Wenden wir uns mal den negativen Punkten zu; ich möchte jetzt wahrlich nicht kritisieren, dass „Heroin Chic“ fast nur auf Trip-Hop-Elementen basiert, es gibt reichlich Bands, die derartige Stylistiken im Bereich Dark Rock perfekt einbauen, der großartigste Erfolg gelang dabei vermutlich Antimatter mit dem Album „Lights Out“, aber dies nur am Rande. Dann muss man aber auch sagen, dass es diese Bands einfach besser gemacht haben, „Heroin Chic“ ist unter dem Strich eine langweilige Nummer mit wenig Möglichkeit, etwas schön zu reden. Sehr anstrengend ist Stainthorpes narrrativer Gesangsstil. Was bei Nick Cave (manchmal) cool ist, klappt hier leider so gar nicht, minutenlang wird der Text mehr erzählt denn gesungen, leider ein verschenkter Song. Wesentlich rockiger, aber nicht so viel besser ist „Base Level Erotica“, welches es erst zum Ende schafft, eine schmerzvolle Atmosphäre aufzubauen. Da hört man lieber noch mal intensiver in „Apocalypse Woman“ rein, da bekommt man wenigstens was fürs Geld und wenn es nur eine Menge konzentrierter Tränen sind. Aber die will man bei der sterbenden Braut ja auch, also Ziel erreicht.
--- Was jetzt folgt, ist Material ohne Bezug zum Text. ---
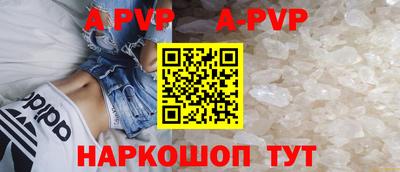 дурь Гусь-Хрустальный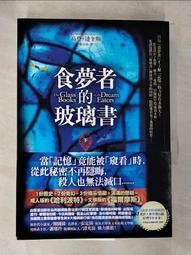 《食夢者的玻璃書 上+下 2本》達奎斯 張定綺 皇冠 9789573326397新書未拆封 歷史價格詳細信息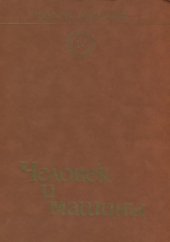 book Радость познания. Том 4. Человек и машины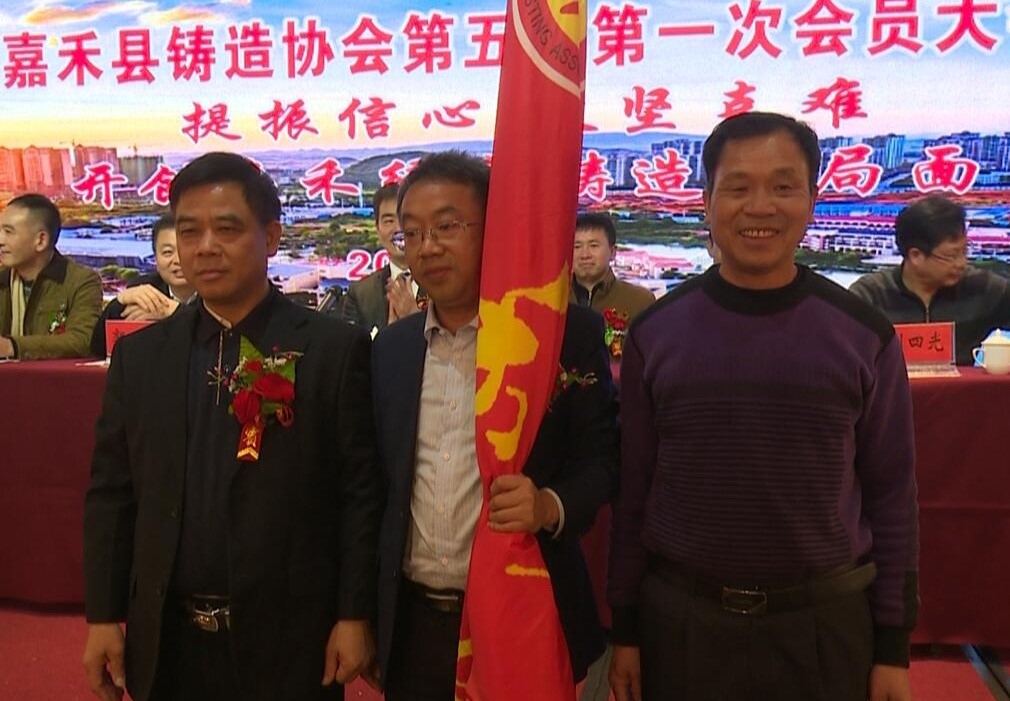 嘉禾福顺机械实业有限公司,五金工具,建筑材料,工业风扇配件 嘉禾福顺机械实业有限公司,五金工具,建筑材料,工业风扇配件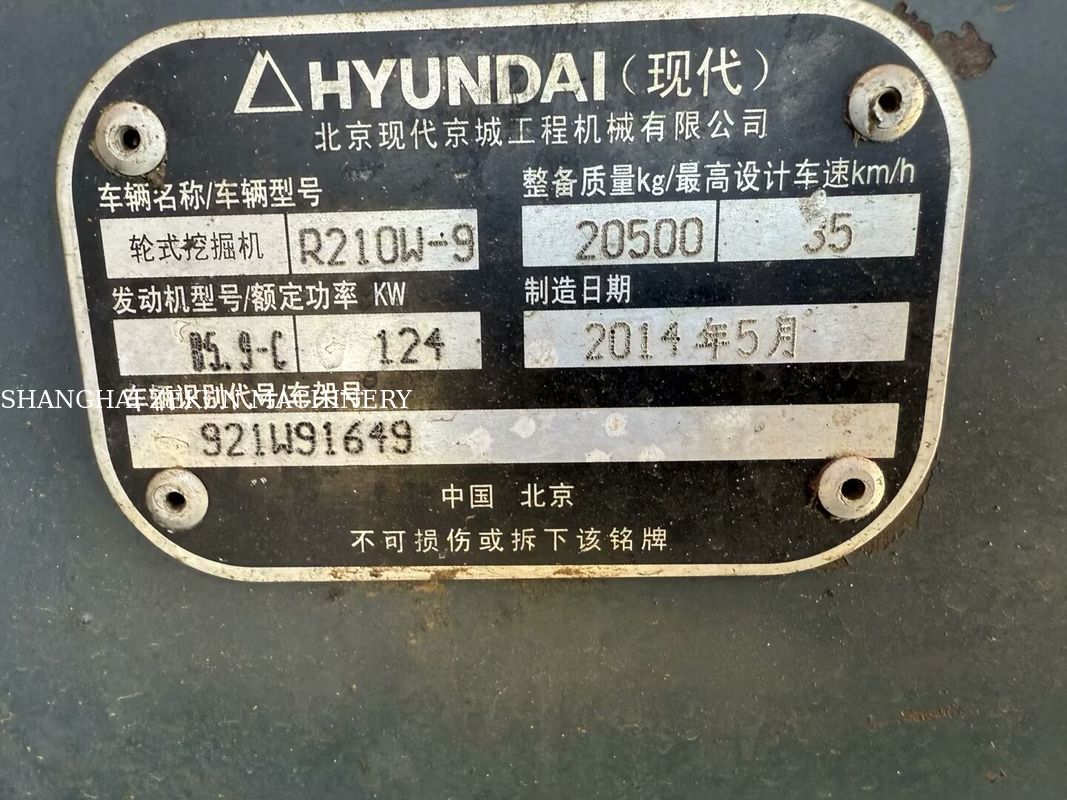 2014 현대 R210W-9 21 톤 바퀴 발굴기 건설 프로젝트에 적합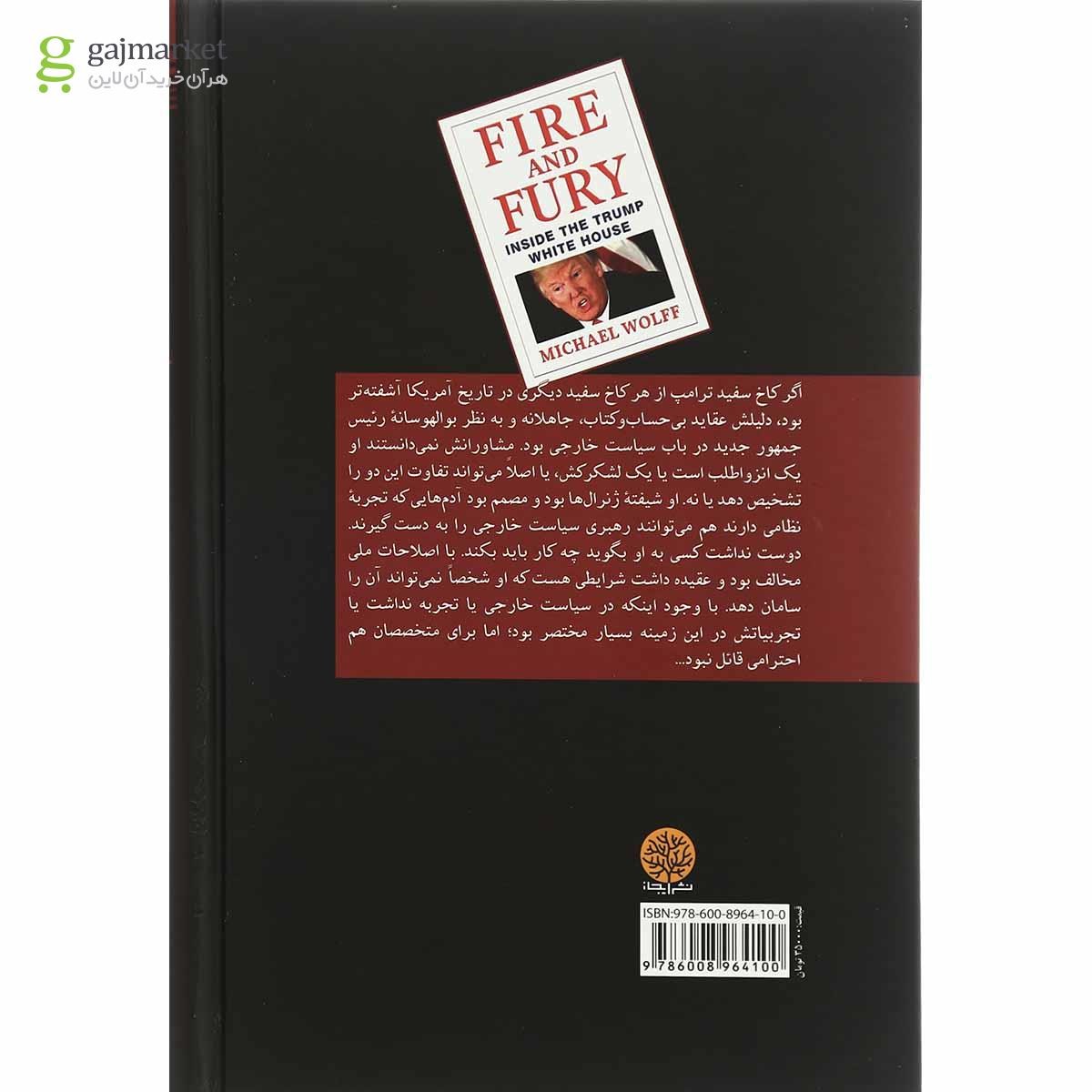 تصویر از کتاب آتش و خشم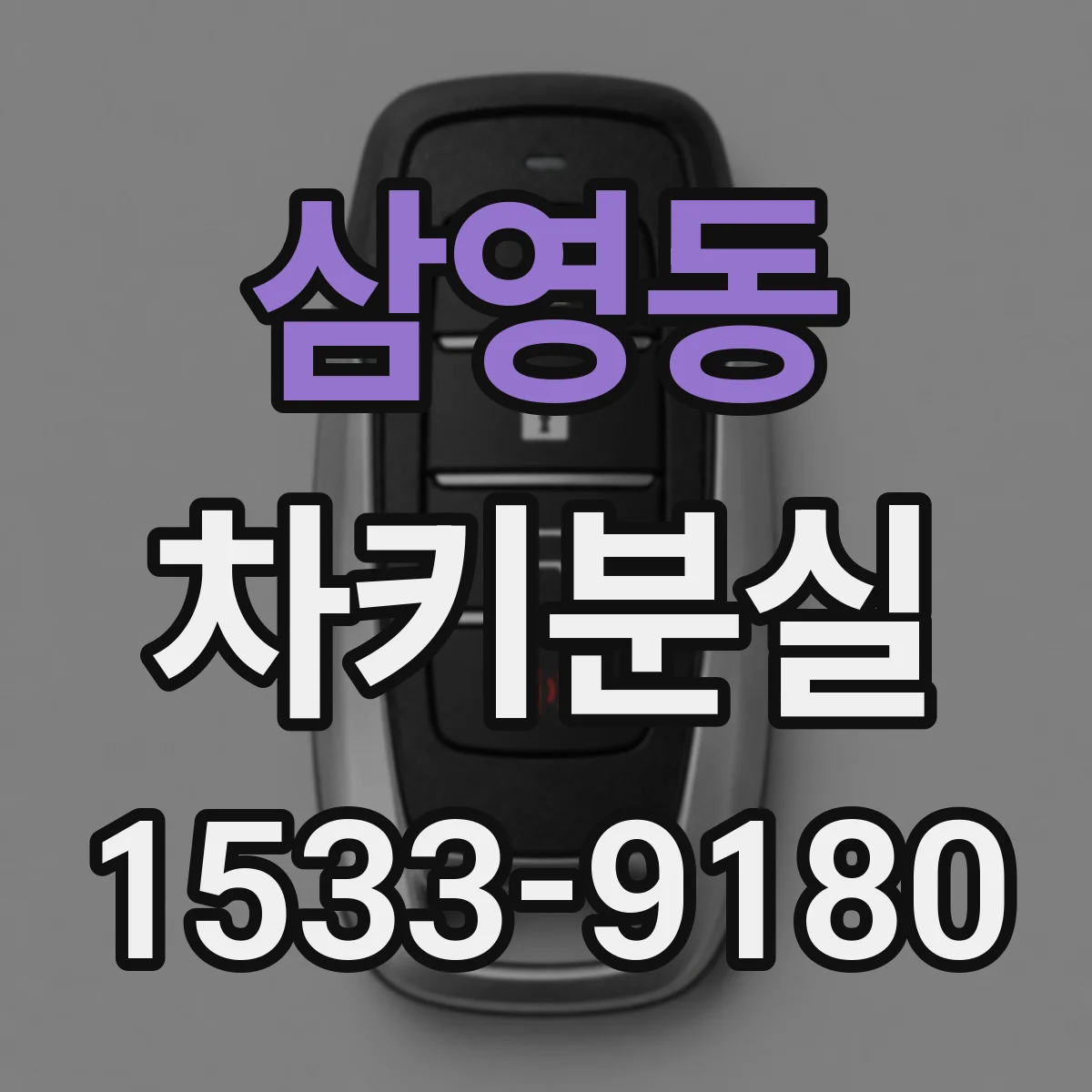 삼영동 차키분실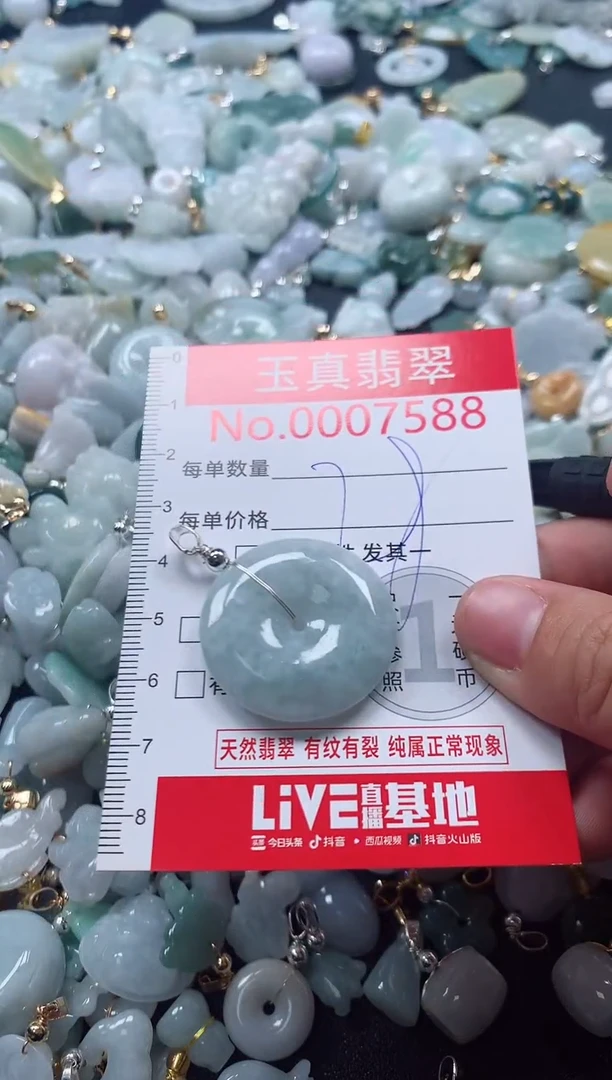 吊坠(不含链)未镶嵌翡翠7588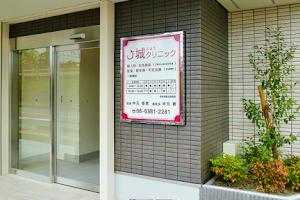 Iryo Hojin Shadankojinkaijo Clinic image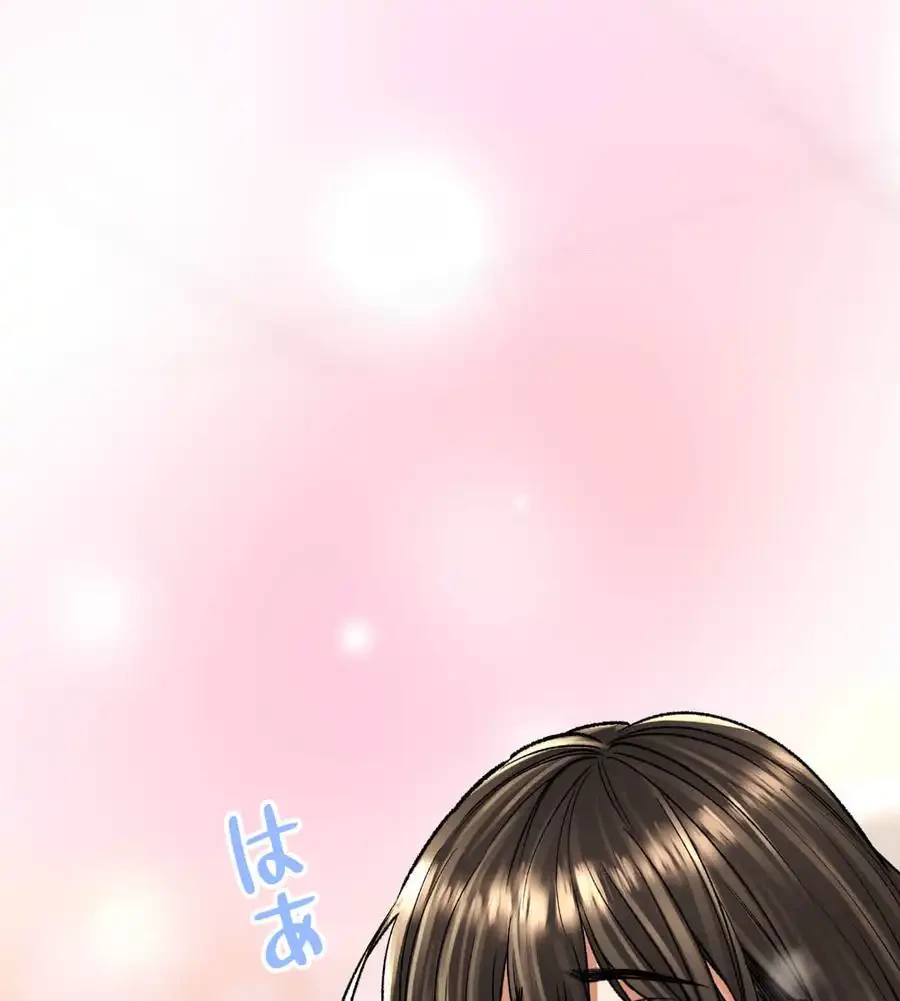 薬草愛談～あなたのお身体癒やします～ 第20話 - 175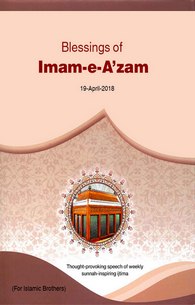 Faizan-e-Imam Azam 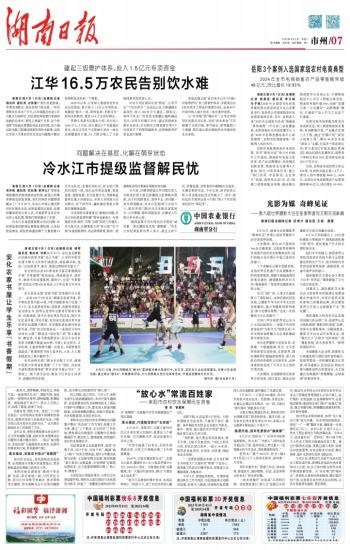 冷水江市提级监督解民忧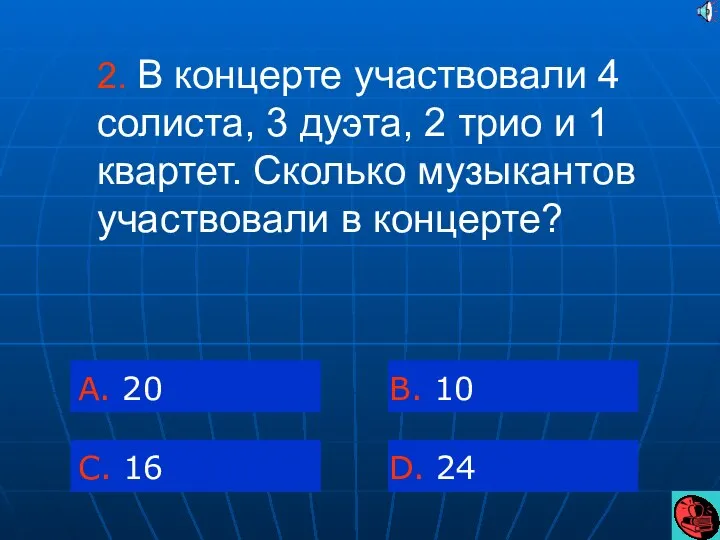 2. В концерте участвовали 4 солиста, 3 дуэта, 2 трио и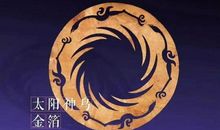 假如什么会说话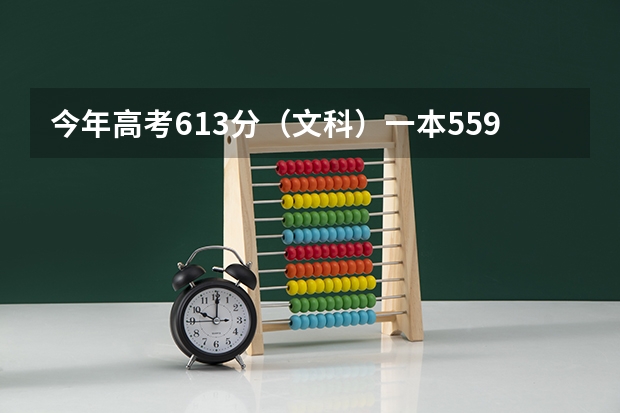 今年高考613分（文科）一本559. 中山大学，中南财经政法大学，西南财经大学 选哪个好？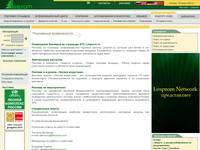 ������� � Lesprom - Lesprom Network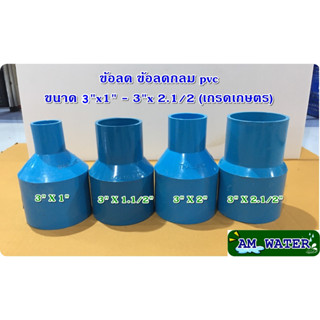 ข้อลด ข้อต่อลด PVC ขนาด 3"x1" , 3"x1.1/2" , 3"x2" , 3" x 2.1/2"  (เกรดเกษตร)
Das gilt auch für mich, denn mehr muss und braucht man zu „34,788 % … Complete“ eigentlich nicht sagen. Das Album ist viel besser, als es von manchen Seiten gemacht wird, aber unverkennbar schwächer als die Highlights der Bandgeschichte, die seltsamerweise alle aus der früheren Schaffensperiode stammen, auch wenn es später immer wieder Höhen (The Light At The End Of The World, Songs Of Darkness – Words Of Light) und Tiefen (Dreadful Hours – ja, tatsächlich ist jede Stunde, die man mit dieser CD verbringt, schrecklich) gab. Komplexität und Tiefe haben hier zu Gunsten von etwas mehr Eingängigkeit doch etwas gelitten. Eine Ballade im Stil von „Sear Me III“ oder „For My Fallen Angel“ wäre ebenfalls noch schön gewesen, Grunzgesang vermisst man jetzt nicht so unbedingt. Als Fan muss man die CD haben, für Gelegenheitsjammerlappen und Neutrauerklösse empfiehlt der Sargträgerverein jedoch vor allem „The Angel And The Dark River“ oder auch „Turn Loose The Swans“.